On September 30, the Federal Reserve extended through the fourth quarter its capital preservation measures on America's biggest banks.

Banks with more than $100 billion in assets are not allowed to repurchase shares, and their dividends cannot be increased or exceed net income generated over the past year.

Capping the amount of capital that can be returned to shareholders provides more cushion for banks against loan losses and supports lending during these uncertain times.

Given the Fed's control over big banks' dividend policies and the uncertain shape of this recession, we have assigned Borderline Safe Dividend Safety Scores to most large banks (including JPMorgan).

If the economy tracks towards a worst-case scenario, or political pressure mounts, the Fed could follow the European Central Bank's decision to temporarily ban bank dividends.

For now, it's still a waiting game.

JPMorgan reported third-quarter earnings on October 13, providing the latest look at how the country's largest bank by assets is faring during the downturn.
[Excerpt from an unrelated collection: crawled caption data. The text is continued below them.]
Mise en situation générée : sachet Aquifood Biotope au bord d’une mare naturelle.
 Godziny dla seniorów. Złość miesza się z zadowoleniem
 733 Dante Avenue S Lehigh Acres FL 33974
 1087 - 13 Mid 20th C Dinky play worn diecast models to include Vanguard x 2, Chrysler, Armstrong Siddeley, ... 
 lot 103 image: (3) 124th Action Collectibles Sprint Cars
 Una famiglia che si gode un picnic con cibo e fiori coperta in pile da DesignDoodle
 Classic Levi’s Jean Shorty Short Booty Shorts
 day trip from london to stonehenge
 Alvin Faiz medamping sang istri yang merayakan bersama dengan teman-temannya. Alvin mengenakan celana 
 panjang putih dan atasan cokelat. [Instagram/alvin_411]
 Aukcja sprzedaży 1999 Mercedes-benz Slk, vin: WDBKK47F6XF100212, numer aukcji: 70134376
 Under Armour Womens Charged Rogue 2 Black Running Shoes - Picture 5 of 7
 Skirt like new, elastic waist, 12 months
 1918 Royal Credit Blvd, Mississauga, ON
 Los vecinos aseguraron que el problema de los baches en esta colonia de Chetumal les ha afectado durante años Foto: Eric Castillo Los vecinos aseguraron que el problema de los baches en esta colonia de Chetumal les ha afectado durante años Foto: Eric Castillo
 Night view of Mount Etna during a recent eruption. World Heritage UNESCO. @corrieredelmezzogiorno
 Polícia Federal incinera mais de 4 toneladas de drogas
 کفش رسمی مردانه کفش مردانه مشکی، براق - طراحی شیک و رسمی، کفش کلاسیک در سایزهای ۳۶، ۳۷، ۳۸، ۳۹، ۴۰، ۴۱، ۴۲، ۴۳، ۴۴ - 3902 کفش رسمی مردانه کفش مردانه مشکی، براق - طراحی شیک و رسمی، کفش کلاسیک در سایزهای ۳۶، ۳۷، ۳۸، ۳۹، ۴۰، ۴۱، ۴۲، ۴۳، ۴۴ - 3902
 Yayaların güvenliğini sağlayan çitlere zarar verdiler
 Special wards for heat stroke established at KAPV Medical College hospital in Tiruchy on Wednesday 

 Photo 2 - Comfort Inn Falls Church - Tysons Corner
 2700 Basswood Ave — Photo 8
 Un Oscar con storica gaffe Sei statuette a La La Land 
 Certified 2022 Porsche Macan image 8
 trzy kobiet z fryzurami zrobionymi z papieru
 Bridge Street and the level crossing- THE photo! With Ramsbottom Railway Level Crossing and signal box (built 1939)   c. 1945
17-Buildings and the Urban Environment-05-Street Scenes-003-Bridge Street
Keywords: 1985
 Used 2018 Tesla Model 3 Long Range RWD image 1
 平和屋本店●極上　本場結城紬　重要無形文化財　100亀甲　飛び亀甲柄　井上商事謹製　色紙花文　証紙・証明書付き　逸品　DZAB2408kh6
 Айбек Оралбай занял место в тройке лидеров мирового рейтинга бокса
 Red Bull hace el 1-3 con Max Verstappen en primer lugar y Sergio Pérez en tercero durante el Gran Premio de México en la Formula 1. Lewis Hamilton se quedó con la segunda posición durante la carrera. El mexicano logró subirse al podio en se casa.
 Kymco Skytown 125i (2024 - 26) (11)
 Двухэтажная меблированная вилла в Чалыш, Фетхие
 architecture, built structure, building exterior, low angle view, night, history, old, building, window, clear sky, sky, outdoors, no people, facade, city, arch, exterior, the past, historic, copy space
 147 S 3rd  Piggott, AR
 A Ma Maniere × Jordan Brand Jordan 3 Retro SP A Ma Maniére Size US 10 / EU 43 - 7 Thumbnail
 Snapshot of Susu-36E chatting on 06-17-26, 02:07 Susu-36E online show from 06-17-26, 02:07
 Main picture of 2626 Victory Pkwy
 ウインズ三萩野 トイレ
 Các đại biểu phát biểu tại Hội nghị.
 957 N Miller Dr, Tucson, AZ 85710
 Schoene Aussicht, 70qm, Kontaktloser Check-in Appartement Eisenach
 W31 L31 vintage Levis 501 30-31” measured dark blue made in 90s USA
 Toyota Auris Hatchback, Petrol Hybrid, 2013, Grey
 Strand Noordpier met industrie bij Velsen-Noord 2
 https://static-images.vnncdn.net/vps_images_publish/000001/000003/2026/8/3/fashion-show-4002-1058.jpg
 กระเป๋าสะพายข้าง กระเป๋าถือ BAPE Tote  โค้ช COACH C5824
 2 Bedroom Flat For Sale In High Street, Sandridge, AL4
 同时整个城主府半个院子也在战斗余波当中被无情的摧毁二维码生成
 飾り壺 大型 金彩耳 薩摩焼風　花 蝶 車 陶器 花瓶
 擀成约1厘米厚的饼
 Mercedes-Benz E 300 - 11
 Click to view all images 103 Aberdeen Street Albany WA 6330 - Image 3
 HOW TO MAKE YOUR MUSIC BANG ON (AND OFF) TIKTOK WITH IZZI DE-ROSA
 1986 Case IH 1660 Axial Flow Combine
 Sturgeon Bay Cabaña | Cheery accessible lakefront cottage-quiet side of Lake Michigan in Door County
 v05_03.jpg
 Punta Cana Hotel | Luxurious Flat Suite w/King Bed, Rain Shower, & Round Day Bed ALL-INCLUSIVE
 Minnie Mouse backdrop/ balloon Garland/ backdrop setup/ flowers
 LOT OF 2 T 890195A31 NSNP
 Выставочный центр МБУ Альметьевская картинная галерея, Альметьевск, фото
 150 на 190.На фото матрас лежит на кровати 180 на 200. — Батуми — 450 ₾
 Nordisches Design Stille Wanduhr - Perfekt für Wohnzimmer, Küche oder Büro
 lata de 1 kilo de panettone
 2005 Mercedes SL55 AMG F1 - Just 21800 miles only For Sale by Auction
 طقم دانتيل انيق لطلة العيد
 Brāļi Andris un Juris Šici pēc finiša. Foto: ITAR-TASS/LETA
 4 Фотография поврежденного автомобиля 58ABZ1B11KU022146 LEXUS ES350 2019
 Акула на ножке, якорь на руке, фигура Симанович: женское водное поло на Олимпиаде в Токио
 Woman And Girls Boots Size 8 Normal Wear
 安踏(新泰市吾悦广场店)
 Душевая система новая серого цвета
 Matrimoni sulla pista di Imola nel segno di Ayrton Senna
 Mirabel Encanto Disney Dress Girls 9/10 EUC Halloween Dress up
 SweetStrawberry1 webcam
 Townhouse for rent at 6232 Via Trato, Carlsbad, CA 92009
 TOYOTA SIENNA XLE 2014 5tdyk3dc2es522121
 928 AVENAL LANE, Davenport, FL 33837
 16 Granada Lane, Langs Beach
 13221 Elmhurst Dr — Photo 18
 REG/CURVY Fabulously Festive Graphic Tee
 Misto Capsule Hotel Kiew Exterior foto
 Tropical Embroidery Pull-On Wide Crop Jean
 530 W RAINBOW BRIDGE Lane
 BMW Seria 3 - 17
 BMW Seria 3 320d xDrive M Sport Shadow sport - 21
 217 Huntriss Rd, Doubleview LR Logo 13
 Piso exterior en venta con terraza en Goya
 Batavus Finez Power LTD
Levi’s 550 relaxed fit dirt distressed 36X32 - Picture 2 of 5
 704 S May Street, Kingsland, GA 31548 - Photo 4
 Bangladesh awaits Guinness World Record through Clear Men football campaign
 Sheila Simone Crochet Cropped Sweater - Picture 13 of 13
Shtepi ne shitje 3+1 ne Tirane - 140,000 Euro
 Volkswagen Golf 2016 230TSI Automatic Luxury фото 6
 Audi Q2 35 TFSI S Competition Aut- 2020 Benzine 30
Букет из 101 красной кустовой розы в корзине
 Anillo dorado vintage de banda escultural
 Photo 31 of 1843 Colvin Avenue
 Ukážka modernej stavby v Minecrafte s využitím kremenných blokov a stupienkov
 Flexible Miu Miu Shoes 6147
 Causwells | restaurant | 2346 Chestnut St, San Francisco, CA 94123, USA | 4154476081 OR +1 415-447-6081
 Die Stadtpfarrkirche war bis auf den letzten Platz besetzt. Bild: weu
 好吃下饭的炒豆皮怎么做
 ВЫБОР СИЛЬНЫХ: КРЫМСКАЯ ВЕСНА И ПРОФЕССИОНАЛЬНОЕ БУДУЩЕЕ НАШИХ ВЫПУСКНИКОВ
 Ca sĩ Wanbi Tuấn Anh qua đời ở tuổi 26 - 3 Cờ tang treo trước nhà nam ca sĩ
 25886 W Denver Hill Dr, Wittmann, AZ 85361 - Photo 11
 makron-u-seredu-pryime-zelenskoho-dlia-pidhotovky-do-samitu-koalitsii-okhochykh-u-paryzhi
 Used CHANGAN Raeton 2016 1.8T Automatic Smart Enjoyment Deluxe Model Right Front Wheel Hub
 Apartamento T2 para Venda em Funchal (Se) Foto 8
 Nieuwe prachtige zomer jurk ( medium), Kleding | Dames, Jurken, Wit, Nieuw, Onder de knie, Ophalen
On the bright side, JPMorgan did not see a need to increase its $34 billion allowance for potential loan losses after having built its reserves by $8.9 billion in the second quarter.

In other words, management feels the bank's assumptions about the economy and future credit performance did not need to materially change compared to last quarter.

Without needing to build more reserves, coupled with strong results in investment banking and trading, JPMorgan's earnings were better than expected.

This helped JPMorgan's third-quarter payout ratio fall to about 30%. The bank's dividend coverage seems likely to remain well in compliance with the Fed's current restrictions, which essentially limit banks to a trailing payout ratio of 100%.
Source: Simply Safe Dividends

Despite some short-term stability in the loan book's performance, JPMorgan made it clear that a wide range of economic outcomes remains.

Management acknowledged that loan delinquencies haven't ticked up much yet thanks to the "extraordinary support" provided by the stimulus package passed earlier this year. 

But assuming no additional stimulus beyond 2020, JPMorgan believes loan delinquencies will pick up in early 2021 with charge-offs materializing later in the year. 

CEO Jamie Dimon estimated that JPMorgan has set aside $10 billion more in reserves than it needs to cover bad loans if the economy tracks its base case, but the bank may need another $20 billion in reserves if a worst-case scenario plays out. 

For context, JPMorgan's 2019 net income totaled about $36 billion.

Additional stimulus measures would give JPMorgan more confidence that the economy can deliver on the firm's base case scenario, but it's too soon to say what will happen and how effectively policymakers will continue responding.

"The question [is] whether the [stimulus] bridge will be long enough and strong enough to bridge people back to employment and bridge small businesses back to normalcy. I think it remains to be seen.”

– CFO Jennifer Piepszak, 10/13/20 Q3 Earnings Call

Despite this uncertainty, JPMorgan remains confident it can weather an "extreme adverse" recession scenario based on its internally-run stress test, which has a higher peak unemployment rate and a deeper GDP trough compared to the worst-case scenarios in the Fed's stress test.

While the bank projects it may need to put up another $20 billion in reserves in such a scenario, those reserves would likely be built over several quarters, smoothing out the financial impact.

As a result, Mr. Dimon believes JPMorgan would still be positioned to pay the dividend and potentially buy back stock while remaining conservatively capitalized.

But it's anyone's guess how bank regulators would respond to such a shock. Just because JPMorgan remained financially healthy and capable of paying dividends does not mean the Fed would allow it to in such an unusual environment.

Overall, JPMorgan this quarter showed why it remains one of the strongest and most conservatively managed banks, but it's not immune from these external pressures.

Until this regulatory uncertainty is resolved, which could take at least several quarters, we expect to maintain JPMorgan's Borderline Safe Dividend Safety Score.

We will continue monitoring the industry as banks grapple with rising loan losses, low interest rates, and the Fed's second round of stress tests, which will be released by year-end.